Monday, January 17, 2011


From Maryland to Virginia, Filipino-Americans celebrated the feast of the Santo Nino – the image of the Infant Jesus.

The Aklan Ati-Atihan of Virginia (AAAV) got a head-start marking the feast on Jan. 8 at the Chesapeake Conference Center in the Hampton Roads region of Virginia. It was also an occasion to swear in the group’s new executives, led by incoming president Joy Asban who will serve from 2011 to 2013.

The Ati-Atihan commemorates the Panay (one of the major islands in the Central Philippines) barter in the 13th century.

Malay datus from Borneo established a settlement in Panay with the consent of the Ati’s, the indigenous Negrito community.

When Spanish conquistadors arrived in the area, they replaced the pagan rituals with Christian meaning, assigning the image of the Infant Jesus as the natives’ patron – transforming it as a religious festival.

The highlight of the festival is a parade dictated by the cadence of rhythmic drums, participants divided into “tribes” and carrying different images of the Santo Nino. Dancers are covered in soot to mimic the Ati’s appearance.

Variations have emerged over the years, prompting organizers to schedule the events – the Ati-Atihan goes first in Kalibo, Aklan, followed by the Sinulog festival in Cebu and the Dinagyang in Iloilo.

The festivals were developed into a year-long mardi gras tourist attraction; though less religiously inclined the Binirayan festival in Antique held in April and the week-long MassKara festival held in October draws heavily on the influence of the Ati-Atihan.

In Maryland, the Mother Butler’s Guild of St. Mary marked the 11th Fiesta ng Santo Nino on Jan. 16 at the St. Mary’s Church in Rockville. The 2:00 PM mass was capped by an early evening dinner dance.

The Lord is my Shepherd Charismatic Group held a Filipino mass in honor of the Santo Nino at the Christ the King Church in Silver Spring, MD.

The feast fell on the regular 3rd Sunday Filipino mass at St. Michael’s Church in Silver Spring on Jan. 16. The mass was officiated by Msgr. Mariano Balbago Jr.

This too was followed by a dinner dance held partly in honor of January birthday celebrants.

The celebration was organized by the Fil-Am Ministry of St.
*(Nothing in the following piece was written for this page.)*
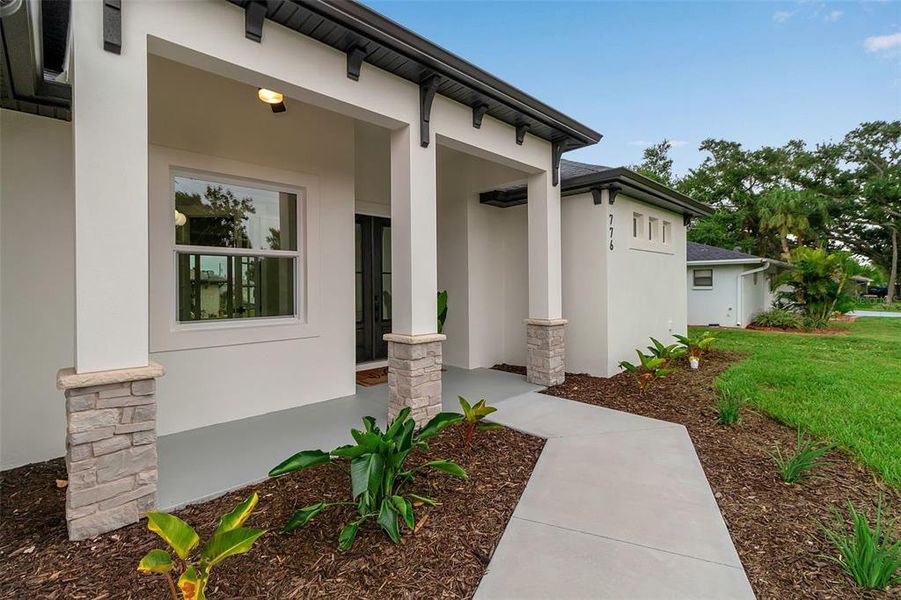 Front exterior of a new home in , Venice, FL, highlighting curb appeal (Image 25).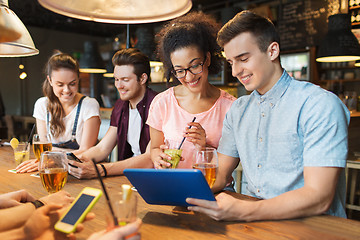 Image showing happy friends with tablet pc and drinks at bar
Michael and the Migrant Heritage Commission, and featured the Cebu Sinulog Dancers of Metro DC as well as the Ati-Atihan of Maryland.

Through the years, the Ati-Atihan has become a distinguishing facet of the Fil-Am community in the Metro DC region, keeping a presence in some major American events like the 4th of July parade in Washington DC.